Banning views won’t help development of students - opinion

Ethical understanding is critical so that young men and women can become ethical citizens within the modern world.

EDUCATION MINISTER Yoav Gallant speaks during a press conference in Tel Aviv in November. (photo credit: AVSHALOM SHOSHONI/FLASH90)
EDUCATION MINISTER Yoav Gallant speaks during a press conference in Tel Aviv in November.
Education Minister Yoav Gallant has declared that schools are not permitted to invite speakers of organizations THAT call Israel an “apartheid state.” The directive shows a detachment from the world, and more specifically, ignores some of the most important principles of education in the 21st century such as critical thinking, ethical understanding as well as information technology and communication.
One would be hard-pressed to find a national curriculum in the democratic, English speaking-world that does not include critical thinking as one of the foundation capabilities toward which it educates. According to the Australian Curriculum, “Critical thinking is at the core of most intellectual activity that involves students learning to recognize or develop an argument, use evidence in support of that argument, draw reasoned conclusions, and use information to solve problems.”
Our world is full of complex environmental, social and economic challenges, many of which have not been previously encountered. To develop critical thinking, schools first enable students to access information that is relevant and then help them develop the ability to use “skills, behaviors and dispositions such as reason, logic, resourcefulness, imagination and innovation in all learning areas at school and in their lives beyond school.”
Ethical understanding is critical so that young men and women can become ethical citizens within the modern world. The complexities of the world “require responses that take account of ethical considerations such as human rights and responsibilities, animal rights, environmental issues and global justice.”
Today’s world forces all of us to consider our values and choices. We are obliged to take a stand and often, take action. This cannot occur without an understanding of competing values, rights, interests and norms. We wish for our children to be informed, educated members of society capable of making ethical decisions based on all relevant and available information. Laying the foundations for ethical understanding is a crucial part of adolescence.

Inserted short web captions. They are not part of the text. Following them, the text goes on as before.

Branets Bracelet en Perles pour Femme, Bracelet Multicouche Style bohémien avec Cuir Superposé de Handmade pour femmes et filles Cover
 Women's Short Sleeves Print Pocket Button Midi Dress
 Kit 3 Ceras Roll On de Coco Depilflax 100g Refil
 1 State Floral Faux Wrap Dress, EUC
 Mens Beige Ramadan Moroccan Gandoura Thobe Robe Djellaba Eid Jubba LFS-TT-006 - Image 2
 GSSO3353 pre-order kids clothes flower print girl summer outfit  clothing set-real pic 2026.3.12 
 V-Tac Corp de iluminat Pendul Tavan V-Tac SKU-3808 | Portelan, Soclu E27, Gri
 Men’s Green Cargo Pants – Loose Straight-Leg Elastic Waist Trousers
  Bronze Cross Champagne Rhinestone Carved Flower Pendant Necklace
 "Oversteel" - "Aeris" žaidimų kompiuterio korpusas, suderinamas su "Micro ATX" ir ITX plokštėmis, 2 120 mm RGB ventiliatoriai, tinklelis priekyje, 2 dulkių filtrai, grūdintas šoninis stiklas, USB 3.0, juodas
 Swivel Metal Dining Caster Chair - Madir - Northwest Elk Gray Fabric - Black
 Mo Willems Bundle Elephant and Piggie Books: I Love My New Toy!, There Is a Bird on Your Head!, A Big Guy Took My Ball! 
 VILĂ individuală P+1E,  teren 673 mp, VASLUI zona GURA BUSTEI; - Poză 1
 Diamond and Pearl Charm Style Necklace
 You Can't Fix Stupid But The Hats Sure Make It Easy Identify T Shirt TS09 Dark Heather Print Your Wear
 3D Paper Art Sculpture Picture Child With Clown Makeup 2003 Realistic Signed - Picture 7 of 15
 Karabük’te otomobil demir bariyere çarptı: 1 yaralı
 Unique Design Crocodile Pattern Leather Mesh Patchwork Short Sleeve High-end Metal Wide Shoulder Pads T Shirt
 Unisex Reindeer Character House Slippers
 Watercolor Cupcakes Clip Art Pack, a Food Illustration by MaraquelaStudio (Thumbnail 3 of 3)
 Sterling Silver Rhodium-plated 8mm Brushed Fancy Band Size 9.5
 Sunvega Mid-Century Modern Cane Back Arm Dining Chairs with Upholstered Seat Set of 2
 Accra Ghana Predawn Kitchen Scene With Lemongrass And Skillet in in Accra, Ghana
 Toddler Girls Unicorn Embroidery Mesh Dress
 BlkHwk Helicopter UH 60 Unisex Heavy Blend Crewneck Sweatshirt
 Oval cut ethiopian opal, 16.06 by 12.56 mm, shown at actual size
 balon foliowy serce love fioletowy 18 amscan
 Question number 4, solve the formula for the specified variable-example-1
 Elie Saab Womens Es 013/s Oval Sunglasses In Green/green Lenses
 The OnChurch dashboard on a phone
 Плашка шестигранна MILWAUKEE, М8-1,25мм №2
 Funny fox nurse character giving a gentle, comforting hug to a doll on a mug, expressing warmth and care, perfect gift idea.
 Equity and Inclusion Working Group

In our fast-moving, ever-changing world, we cannot know what future challenges our children will face and decisions they will need to make. The foundations for responsible choice-making need to be laid now so that future considerations and decisions will be based on sound ethical understanding.
Finally, and perhaps the most obvious reality of 21st-century education, is that our children must know how to access accurate information.
WE ALL KNOW that children today have access to almost everything at their fingertips. Furthermore, schools around the world teach children about the Internet and how to use it. In stages 1 and 2 (primary school) of the UK national curriculum, students are taught to “recognize common uses of information technology” as well as all manner of skills and competencies.
With these educational basics in mind, it is difficult to understand the minister’s directive. Schools in Israel are directed to prepare year 11 and 12 students for service in the IDF, something that is far more complex than simply choosing a unit in which to serve or increasing athletic ability. It is about analyzing the history of the IDF, the changing realities in which it serves as well, as the decisions – both ethical and practical – that soldiers might have to make.
It is about evaluating personal and social values and then making decisions with which both the individual and society will be able live. To do this, all sides of the equation need to be evaluated. The Education Ministry is the governing body of all children whose parents are citizens of this country. It goes without saying that within this group, there exists a myriad of opinions and values. It is not possible to hide those opinions with which we do not agree; on the contrary, it is counter-productive at best, and damaging at worse.
In fact, by banning certain groups from visiting schools, the directive shows a lack of understanding of teenagers and their ability to think critically. Questions raised by organizations such as B’tselem are constantly raised by students; it is far better to tackle the issues in an honest, open manner than hide a view which may frighten you.
Not doing so would be akin to asking schools to educate about relationships but banning discourse on sex.
On a personal note, having been raised in the UK, I chose to volunteer in the IDF, and I do not regret that choice. Moreover, I am proud to have served. I am the father of four wonderful children. My eldest is in his second of seven-and-a-half years of army service (his choice).
My second will enlist in September. I believe that all those who can serve, should serve. Without a strong army, Israel’s very existence would be at risk. However, I want our serving soldiers to be intellectually prepared in the best way possible. Banning views of the IDF which elicit rigorous and contentious discussion does not strengthen us; it weakens us, not only as an army but more importantly, as a society.
The author is a principal at Ankori High School, Tel Aviv.